Finding the puzzles hidden within everyday life may be tough enough, but decoding those puzzles, while making accurate interpretations is even harder. So it goes for four ordinary people in Dispatches From Elsewhere.

Accurately labeled as a drama and a mystery by IMDb, Elsewhere focuses on Peter (Jason Segel), Simone (Eve Lindley), Fredwynn (Andre Benjamin) and Janice (Sally Field). The viewer is never really sure whether these characters are actually participating in a game of some sorts, or they’re chasing the ghosts of the mysterious Clara, Keeper of Divine Nonchalance. Either way, this Choose Your Own Adventure is addictive.

Why is Clara so important? Who, exactly, is Octavio Coleman? And are these characters simply hunting down McGuffins?

Based on the documentary film, The Institute, by Jeff Hull and Spencer McCall, Elsewhere crams a ton of plot devices, red herrings and mythology into each hour-long episode. Additionally, Season 1 only consists of 10 episodes, so there’s not a lot of time that can be wasted on useless storylines. This is why the first five episodes are so important. Each episode focuses on the four main characters, as well as the girl they’re chasing after. Each one receives a decent backstory, along with details focusing on their individual journeys. The fourth episode finally shed some light on the character of Andre Benjamin.

So far, Fredwynn doesn’t believe it’s all been a game, but maybe a distraction from something bigger. Considered a “hardcore,” or a person who takes the game of life a little too seriously, he hasn’t slept for days while attempting to figure it all out.

“To hell with sleep. If I’m crazy, I’m crazy. But they have to be stopped and it has to be me, or this never ends.”

As an ensemble piece, Andre hasn’t had many opportunities to shine in Dispatches yet, but he’s great in this episode. As a gay millionaire who’s not good at letting things go, you could definitely describe his character as complicated. Always seeking the next complex clue while on a path to discover the truth, Fredwynn has learned to explore the memory palace in his head. After watching this episode, I’m pretty sure he’s my favorite character on the show.

By the conclusion of the following episode, “Clara,” I’d reached the half-way point of the first season. While the overall mythology is finally coming into view, it feels like there will be plenty of details to question all the way up to the final second of the show.

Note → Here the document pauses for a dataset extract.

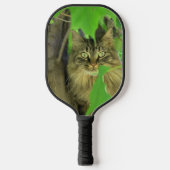 Maine Coon Kat in Boom Pickleball Paddle (Voorkant)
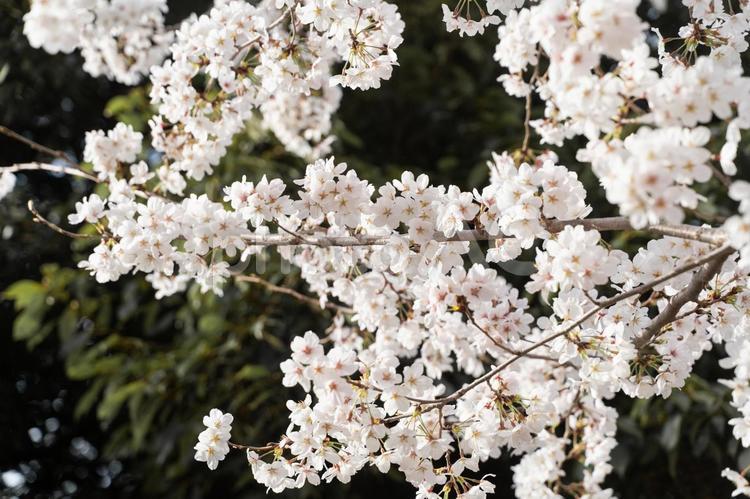 満開の桜が春を彩る④ 桜,春,満開の写真素材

Is it artistic? Maybe philosophical? Possibly an interpretation of life? Or simply a misinterpretation?

It’s so complicated, there had to be a recap of the first four episodes (which was helpful, to say the least, because I couldn’t remember it all). In the show, art is offered as clues, a metaphor that’s available for the characters, but only if they see it, just like their relationships, as they grow throughout the season. These journeys wouldn’t be anything without each other. A Wizard of Oz comparison is made with each of the four characters, and it doesn’t seem too far-fetched.

Janice is the type of person who always follows the rules, Simone is the tortured art girl, while Fredwynn leads the team off the beaten path and Peter seems to be the type of person who tries to do something brave, but only embarrasses himself.

“I need to find my Elsewhere.”

I’ve got a lot of hope for a culture-clash battle royale between Octavio Coleman and Commander 14. That could be epic… possibly leading to actual repercussions. Hope seems to be attainable, while Clara’s impending journey as a world-changer gets delayed before being “swallowed up by the dark.”

It may have taken me a little bit longer than I had hoped to decode the actual storyline, but I’ve got high hopes the second half of the season will be even more intricate.